What was it like?

I learned my software skills on the Ferranti Mercury computer. It had as I recall 468 words of memory (a word is about 6 bytes so call it 3k bytes).   Let's see, my phone has 8,000,000,000 bytes - that's about 2.5 million times more.  My phone makes the 1500 instructions per second look pretty silly as well.

The computer was big. The electronics used valves and they get hot. So each cabinet has a refrigerating unit built-in, and they were noisy. 

To program this remotely we wrote the programs on paper tape (5 track) and sent it with a teletype machine to operators who would give us a 24-hour turnaround for each test if we were lucky. The program language was Mercury Autocode - which looks a lot like the original BASIC language, if you remember that.

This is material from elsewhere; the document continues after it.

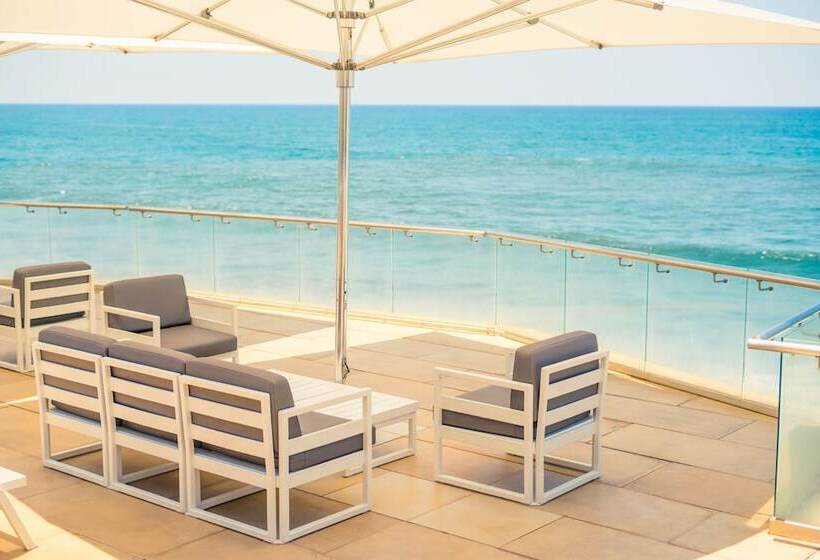 هتل Los Farallones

It was the first computer used in CERN  and the main computer used for scientific calculations at my company (ICI). By the time I started it was getting long in the tooth and after a couple of years it was replaced with a KDF9.  That didn't last very long (they apparently only built 29 of them) and we switched to the first IBM System/360 which was a massive change, and set the pattern for many years. 

It was different from a modern computer, but the basic components were really the same. A processor, memory, printer, and external memory all communicated through a bus. All that has really happened in the last 6 decades is that the components all got smaller and faster.  Moore's Law works!